まずはじめに木曜の暴落のきっかけとなったのは、米国の中央銀行にして世界最大の中央銀行FRBから7名のボードメンバーで年に八度開かれるFOMC (Federal Open Market Committee)という、これからの金融政策を決める会議です。そのあとその議事録ならびに記者会見で何が話し合われたかを世間にお伝えする、マジで重要なイベントです。どのくらい大事かというと皆様方における会社のボーナス査定くらい重要です。あれ、気になりますよね?あれと同じくらいマーケットも気にしてます。

さて、そこで僕の大好きな声のトーンで話すパウエルさんが発表した今後の経済見通し、と金利政策は次の通りです。

GDPは2020年で年比-6.5%, 2021に+5.0%、2020で+3.5%、長期見通しでは1.8%の成長。

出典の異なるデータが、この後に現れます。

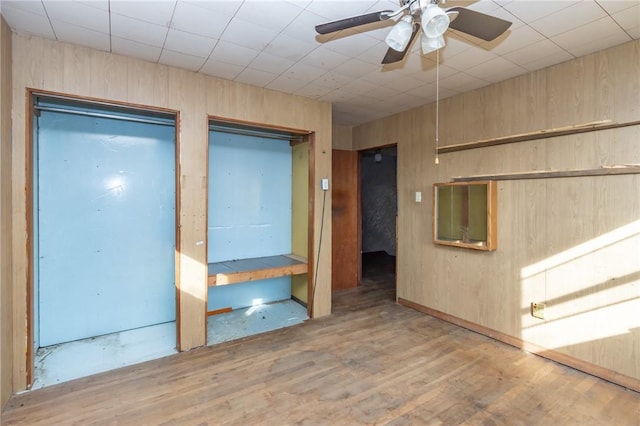 empty room featuring wood walls, ceiling fan, and light hardwood / wood-style floors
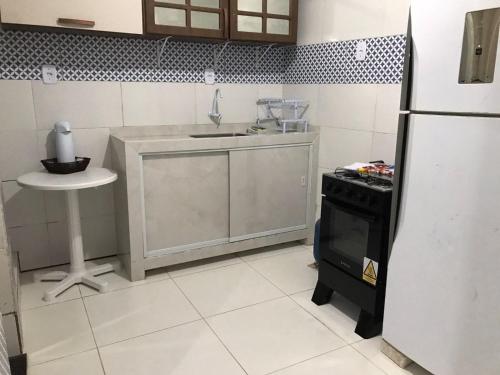 una cucina con frigorifero, lavandino e tavolo di Casa Magalhães a Morro de São Paulo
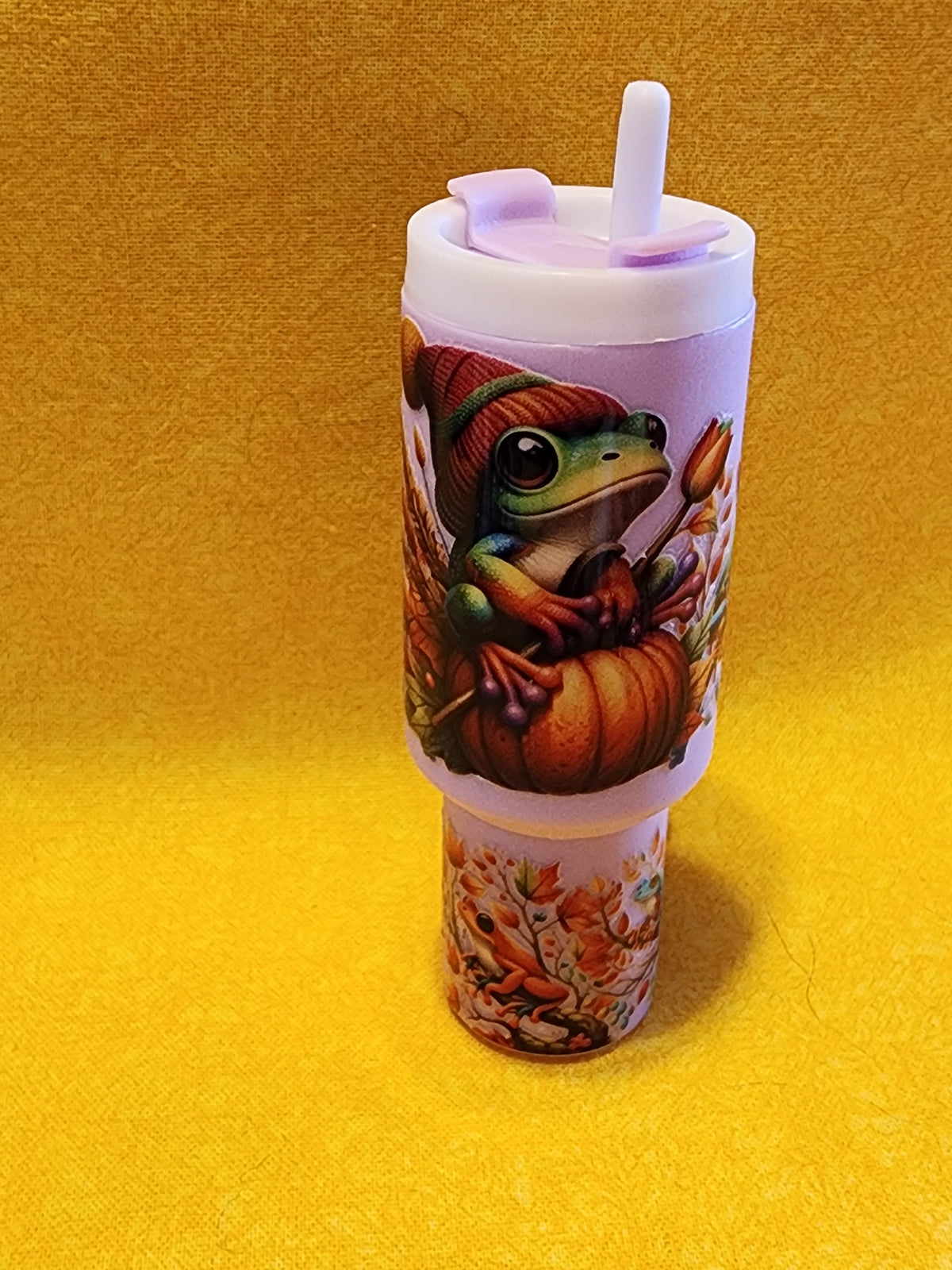Frog wearing a hat chapstick holder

失業率は2020年で9.3% 2021 6.5%  2020 5.5% 長期見通しでは4.1%を見込んでいます。コロナ前までは失業率は3.5%~3.7%を推移していたので、長期でもコロナ前までの水準に戻ることはないとFRBは見ています。最後にインフレ率は 2020年で0.8%, 2021年で1.6%, 2020で1.7% 長期見通しでは4.1%を見込んでいます。ここで注目なのはGDPも失業率もインフレ率も長期見通しまでの回復は2022年以降までかかってしまうという点です。

また、政策金利は前回同様据え置き、上記のマクロ見通しを加えて、金利は2022まで変動させないとのこと。全会一致で政策金利は据え置きと決定。パウエル議長は「利上げについては考えることすら考えてない」と述べました。金融緩和に関しては、債券やモーゲージローン等の資産購入額を少なくとも現状のペースを維持し続けます。

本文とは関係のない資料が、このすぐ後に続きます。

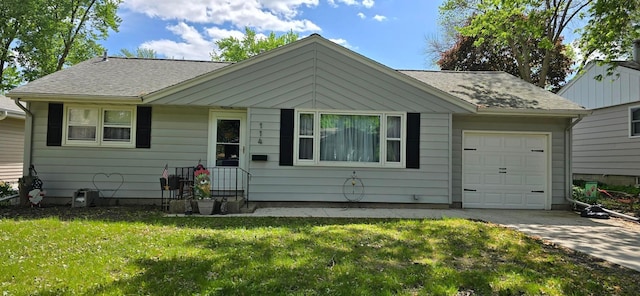 114 6th Ave, Albert Lea, MN 56007 - bungalow-style house with an attached garage, concrete driveway, a front lawn, and a shingled roof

市場へのメッセージは、経済のV字回復の途中で米国経済の脆弱性をはっきりと認め、主要な指標が落ち込まないようFRBとしてはできる限りの政策を実施していく方向性を示したと思います。しかし、個人的な印象としては、前回のFOMC会合で見せた追加緩和の必要性ほどタカ派なメッセージは受けませんでした。市場には、1930年代の大恐慌を比較する人もいて、その時中央銀行は経済の落ち込みにも関わらず何の緩和姿勢を示さず、逆に利上げ政策を取ってしまったことから未曾有な大恐慌に陥ってしまった過去の経験を生かしていると見ている人もいます。筆者も同様に考えます。また、マーケットが注目していたイールドカーブコントロールについても明確な方向性は示しませんでした。

イールドカーブコントロールとはこれまたちょっと難しいワードが出てきてしまいましたが、マーケットがかなり注目していたのでちょっと説明します。そもそもイールドカーブのイールドって何ぞや、って話からになると思うんですけどイールドって「利回り」って意味です。この「利」って金利の利なんですけど、国から債券を買ってそこで受け取る金利のことです。つまるところ、国債の金利がどうマーケットで値決めされているか、ちゅう話です。そして、国債って言いますけど国債って一つしかあるわけではなく、償還期間毎に色々商品があり3ヶ月やら2年やら、10年やら、20年やら、どっかの国では100年なんてのもあります。この償還期間毎に利回りを示した曲線というのがあり、それを我々市場参加者はイールドカーブと呼んでいます。そして、基本的に償還期間が短い物の方が利回りは安いです。これを純ざやと呼んだりしてます。なぜ償還期間が短い方が安いのか、それは短期金利は通常中央銀行の政策に左右されるの対し、長期金利は市場で決定され、通常経済はインフレと共に成長していくのを見込まれているので、国債をより長い時間保有し続けるとより多くの利回りが発生するのと、より長い期間人にお金を貸すんですから長期金利が高いのはまあ当たり前といえば当たり前ですね。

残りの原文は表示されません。